The Beaumont and Fletcher folios were two large folio collections of the stage plays of John Fletcher and his collaborators. The first was issued in 1647, and the second in 1679. The two collections were important in preserving many works of English Renaissance drama.
The 1647 folio was published by the booksellers Humphrey Moseley and Humphrey Robinson. It was modelled on the precedents of the first two folio collections of Shakespeare's plays, published in 1623 and 1632, and the first two folios of the works of Ben Jonson of 1616 and 1640–1. The title of the book was given as Comedies and Tragedies Written by Francis Beaumont and John Fletcher Gentlemen, though the prefatory matter in the folio recognised that Philip Massinger, rather than Francis Beaumont, collaborated with Fletcher on some of the plays included in the volume. (In fact, the 1647 volume "contained almost nothing of Beaumont's" work.) Seventeen works in Fletcher's canon that had already been published prior to 1647, and the rights to these plays belonged to the stationers who had issued those volumes; Robinson and Moseley therefore concentrated on the previously unpublished plays in the Fletcher canon.
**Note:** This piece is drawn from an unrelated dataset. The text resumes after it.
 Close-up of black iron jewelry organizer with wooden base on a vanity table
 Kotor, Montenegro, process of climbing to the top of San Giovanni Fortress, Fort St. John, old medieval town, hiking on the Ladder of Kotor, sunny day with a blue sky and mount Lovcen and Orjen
Most of these plays had been acted onstage by the King's Men, the troupe of actors for whom Fletcher had functioned as house dramatist for most of his career. The folio featured a dedication to Philip Herbert, 4th Earl of Pembroke, signed by ten of the King's Men – John Lowin, Joseph Taylor, Richard Robinson, Robert Benfield, Eliard Swanston, Thomas Pollard, Hugh Clark, William Allen, Stephen Hammerton, and Theophilus Bird – all idled by the closing of the theatres in 1642. It also contained two addresses to the reader, by James Shirley and by Moseley, and 37 commendatory poems, long and short, by figures famous and obscure, including Shirley, Ben Jonson,Richard Lovelace, Robert Herrick, Richard Brome, Jasper Mayne, Thomas Stanley, and Sir Aston Cockayne.